Rather than bringing the contents to a boil, bring them to a simmer and allow it to simmer in a burping kind of fashion, for 20 - 25 minutes until it has thickened by reducing. There are no tests for this unlike jam. It is very reminiscent of making chutney. You need it to reduce it but not let it stick!

This stage is a little bit of trial and error but the timing was about right for me for this amount. I then carefully placed it into hot jars and sealed immediately. Once cooled, I could turn it on its side without any signs of movement.

This seems to last as long as jam. However, due to the grated apple which has not dissolved as much as I had hoped, we will use it sooner rather than later. You can leave out the apple if you wish.

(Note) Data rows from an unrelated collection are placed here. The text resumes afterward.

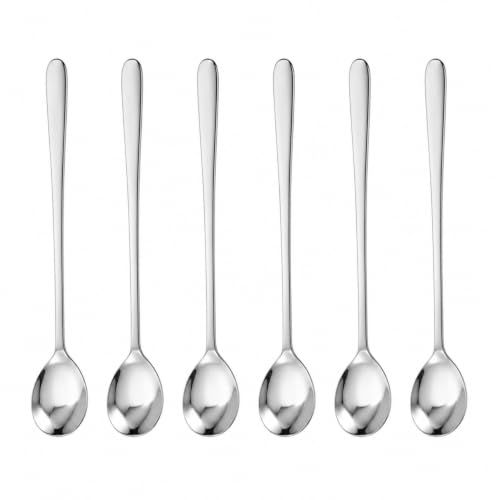 JUNKEBO 6PCS Stainless Steel Coffee Spoons - 7.1" Long Handle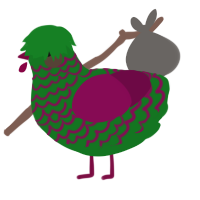 A leaf and wine chicken with a lace pattern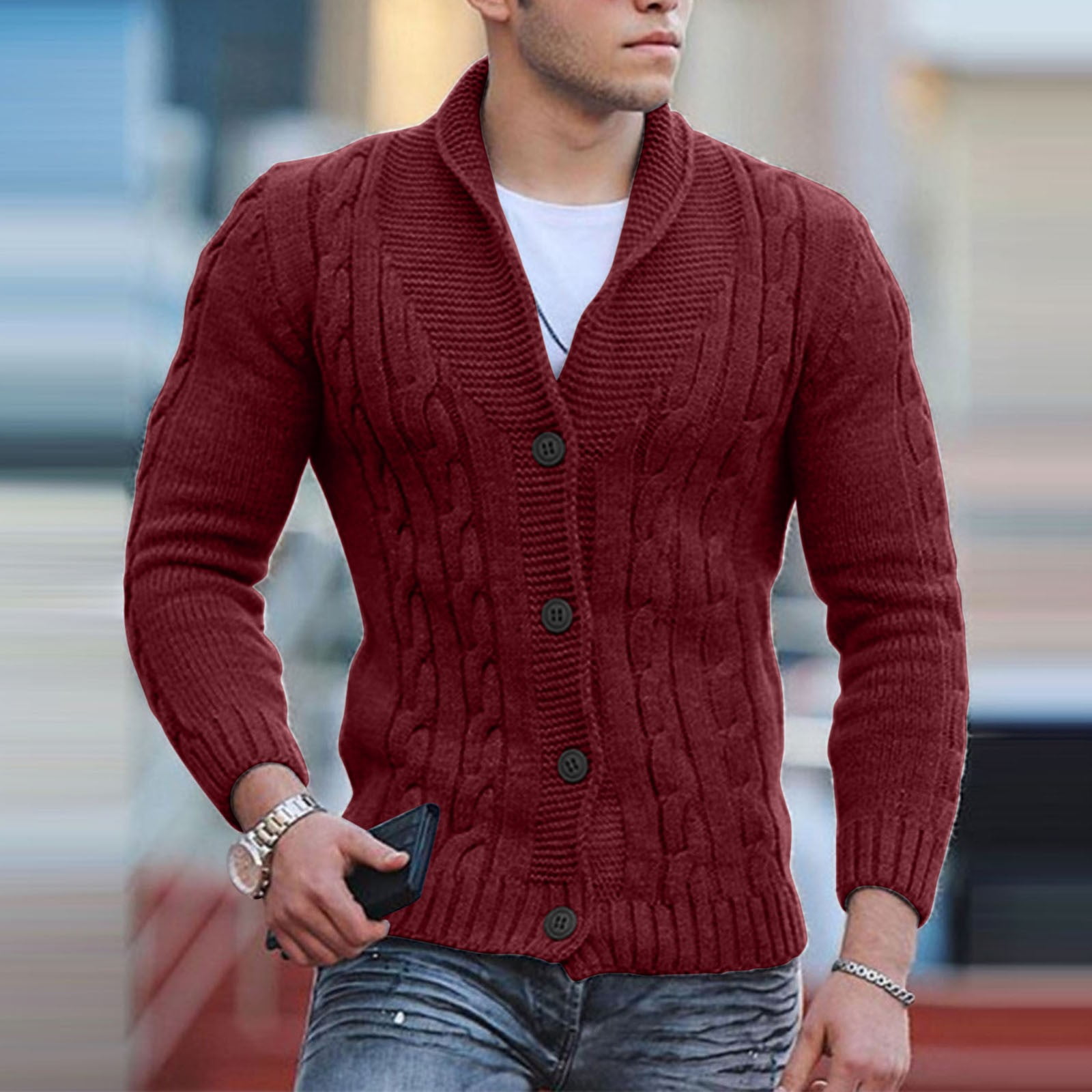 Red Mens Cable Knit Cardigan Sweater Shawl Collar Loose Fit Long Sleeve  Casual Cardigans 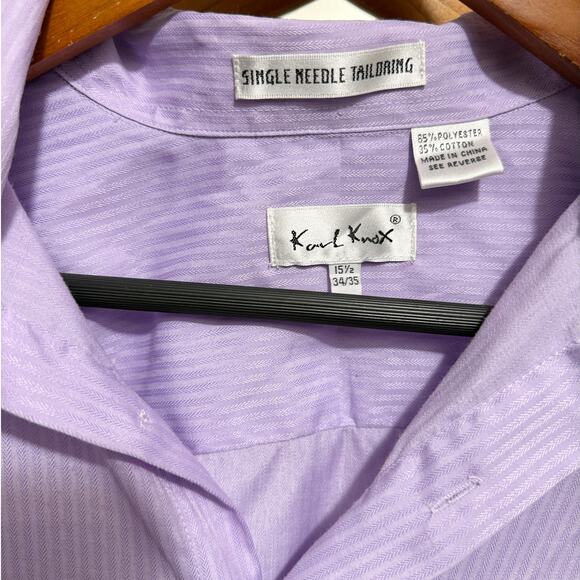 Karl Knox Lavender Long Sleeve Button-Up Dress Shirt Men’s 15.5 34/35 - Picture 3 of 6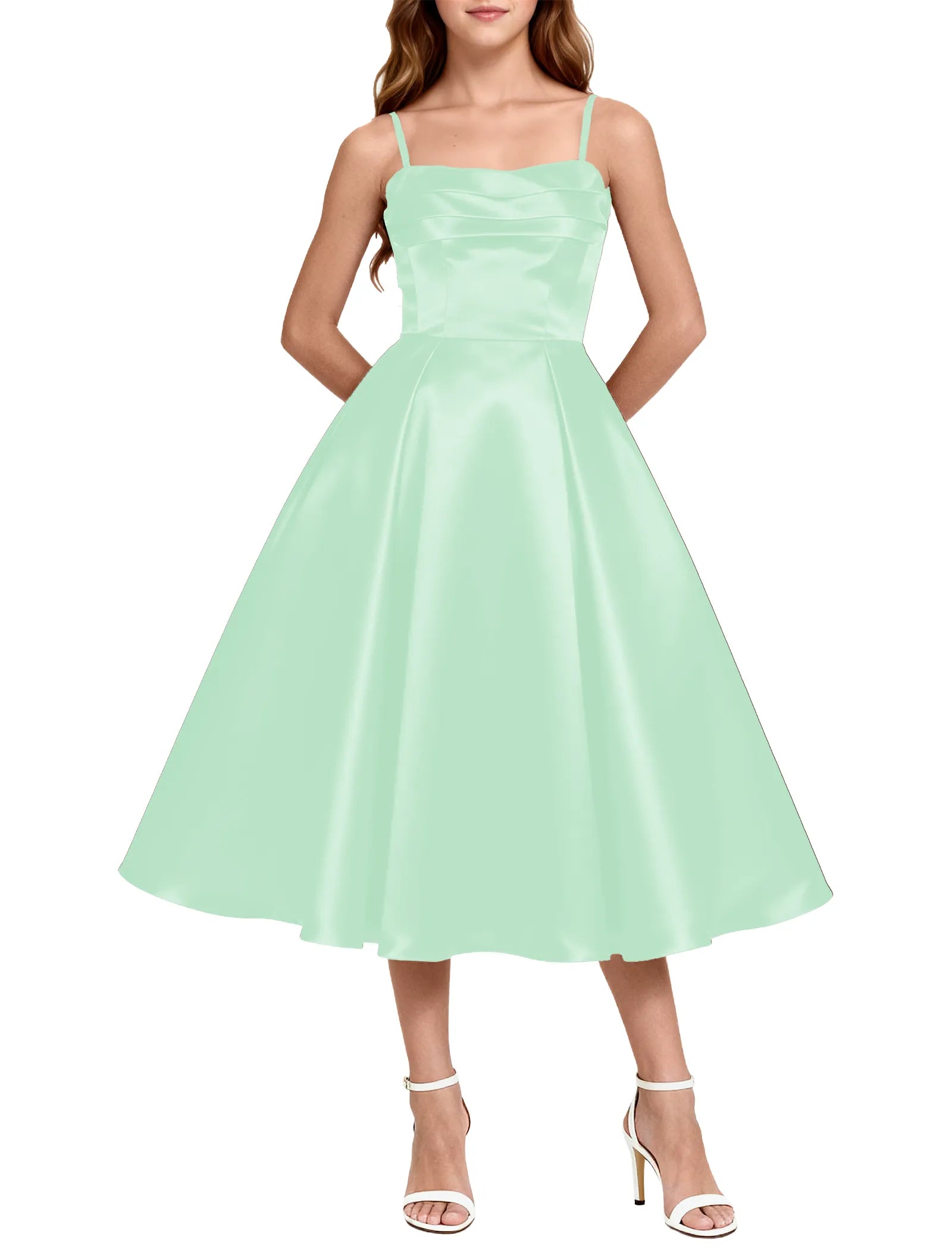 Elegant Satin Midi Dress for Girls with Spaghetti Straps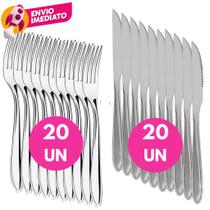 Kit Jogo Talher Inox Com Garfo Mesa Faca Churrasco Jantar Dia a Dia Refeição Restaurante Cozinha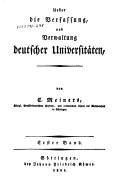 Cover of: Über die Verfassung und Verwaltung deutscher Universitäten. by Christoph Meiners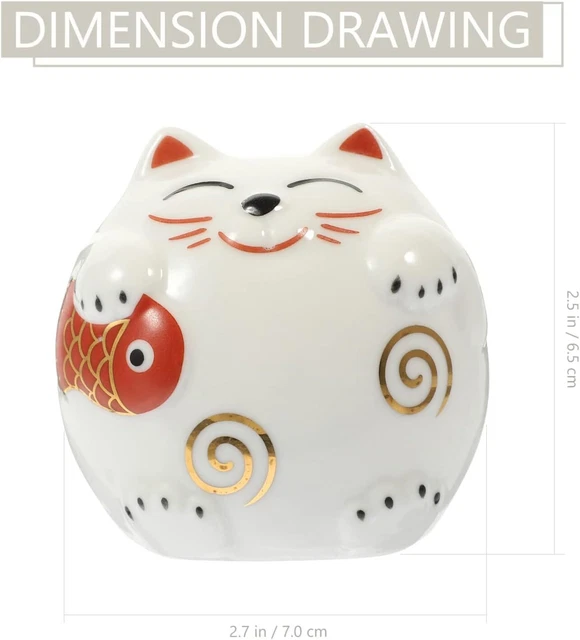 Cat Piggy Bank Ceramic Cat Money Jar Japanese Coin Bank for Kids Savings Jar Gif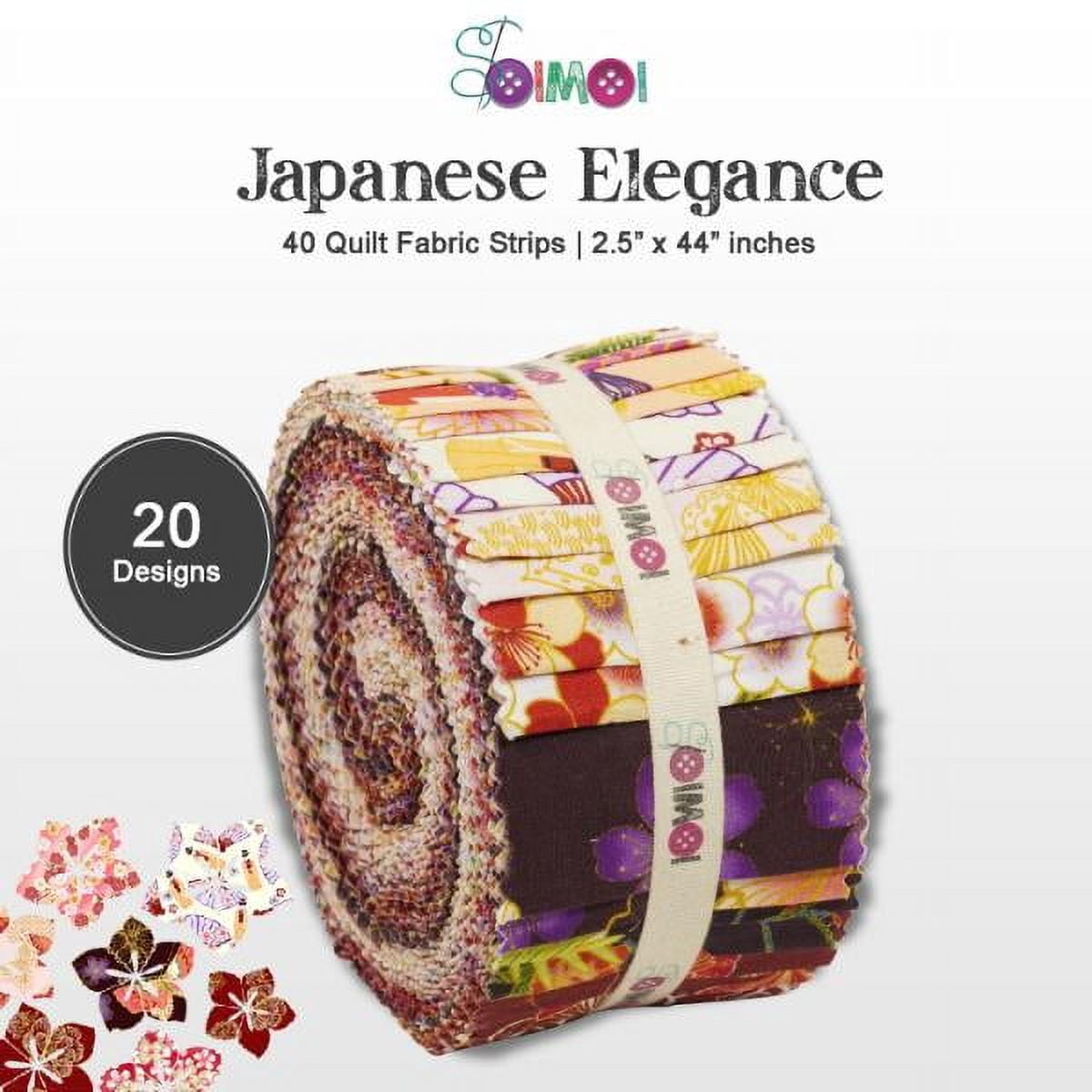 Soimoi Jelly Roll 40 Strip Assorted Bundle, Fabric Strips for Quilting, Crafting, and Sewing, 100% Cotton Fabric Jelly Roll Bundle For Scrapbooking, DIY Crafts- Japanese Elegance
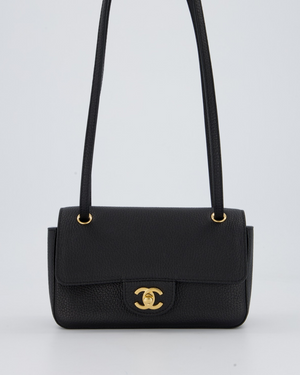 Chanel 26B Mini Flap Bag in Black Grained Calfskin Leather with Gold Hardware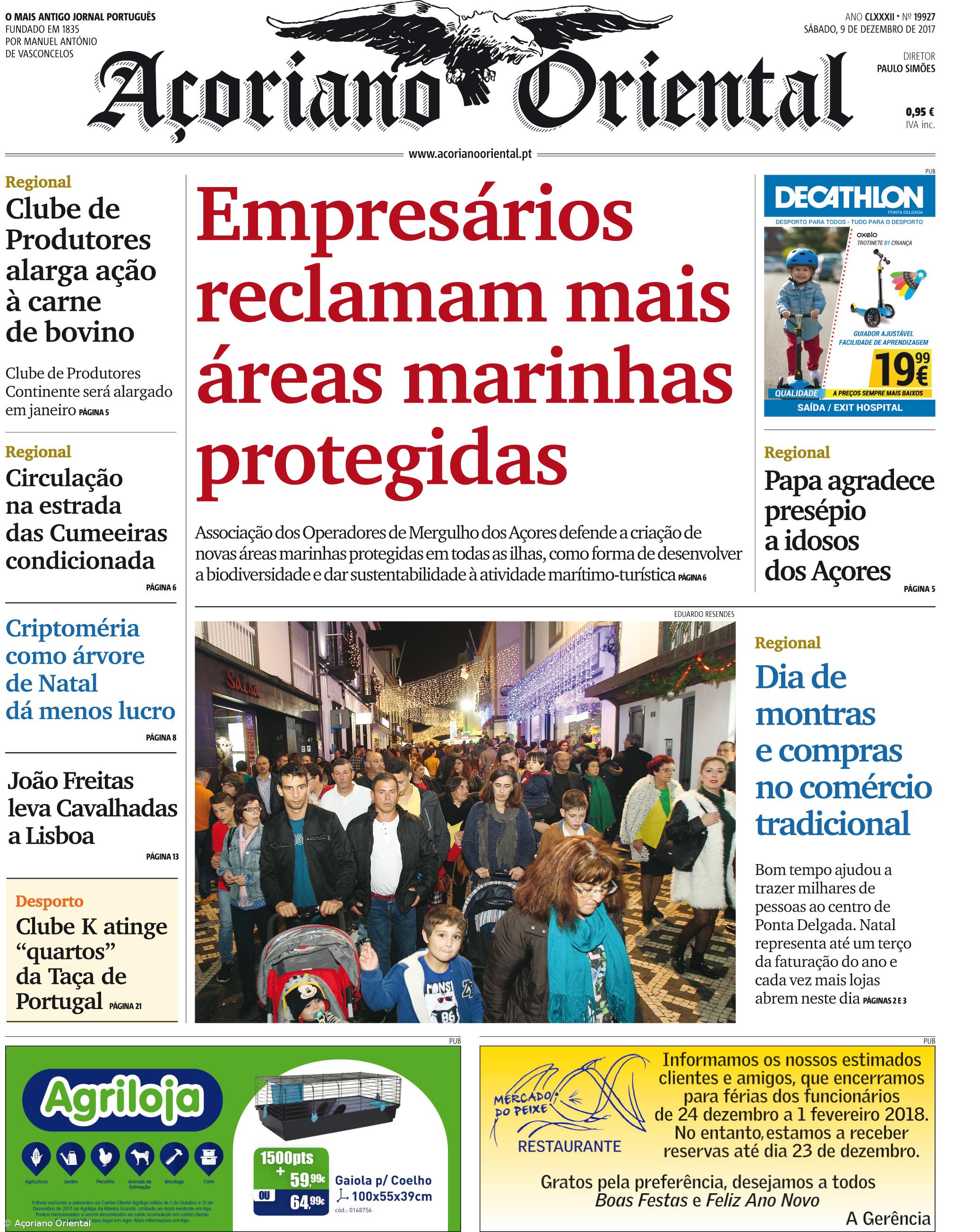 "Empresários reclamam mais áreas marinhas protegidas" é a manchete do Açoriano Oriental – Imagem 1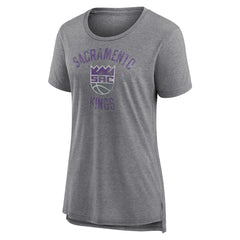Sacramento Kings Women's Heritage Tri-Blend T-Shirt Heather Gray - NBA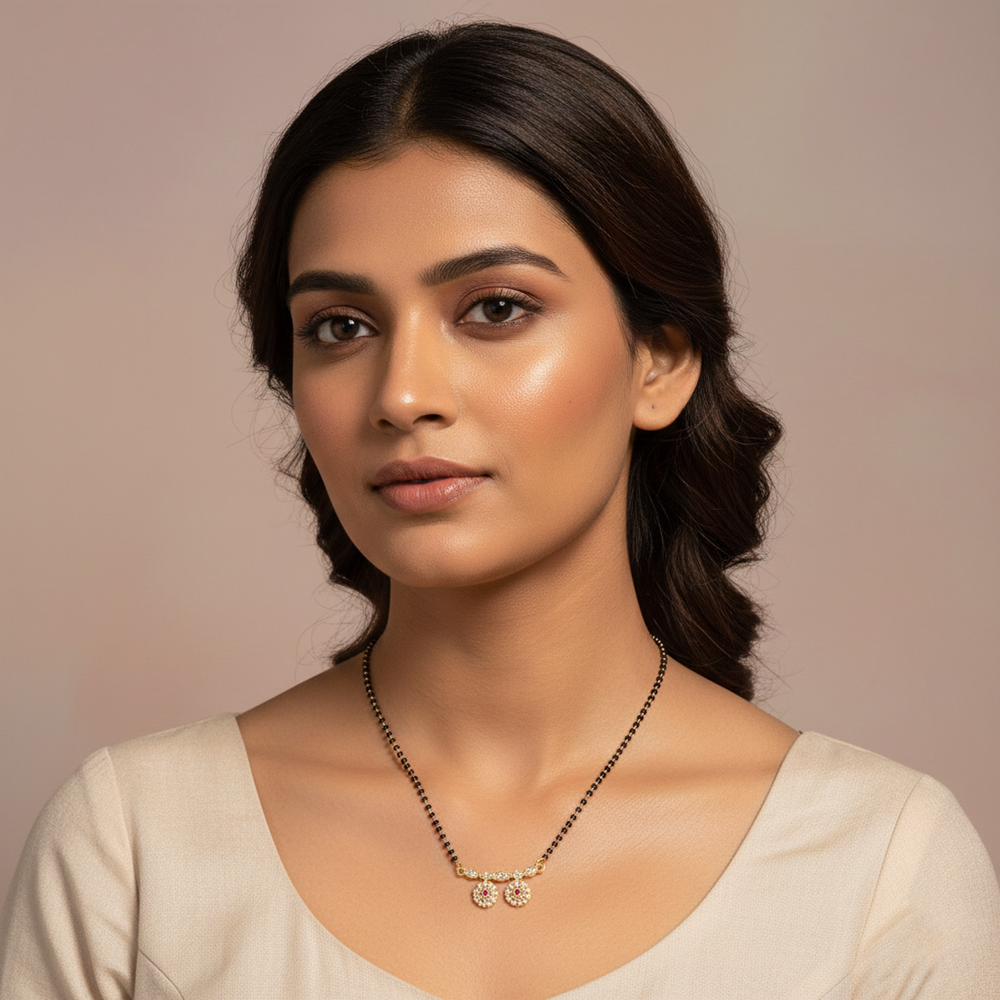 The99Jewel Everyday Wear Brass AD Stone Mangalsutra Elegant & Lightweight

Herewith some finished photographs. The top one has bramble and apple jelly on the left and apple and rose hip on the right.
I also made some apple, rose hip, orange jampurelly©  

The rose hips (which had been chopped up and tied in a double thickness of muslin) were squeezed into a jug and the apple purée treated as above. To this mixture I added the zest of one orange plus its juice and 2 tablespoons of lemon juice.
I only managed to get 3/4 pint of purée so only added 3/4 lb sugar and cooked it as above. Here they are. The smell of it cooking was fantastic, very zesty.
Now, who wouldn't want to receive something like that as a gift:

Sunday 22 September 2013

Harvesting in the wild and at home...

We went for a drive and a walk the other day to harvest some more blackberries. We have many areas around us within walking distance to do this but fancied a drive, some picking and lunch out.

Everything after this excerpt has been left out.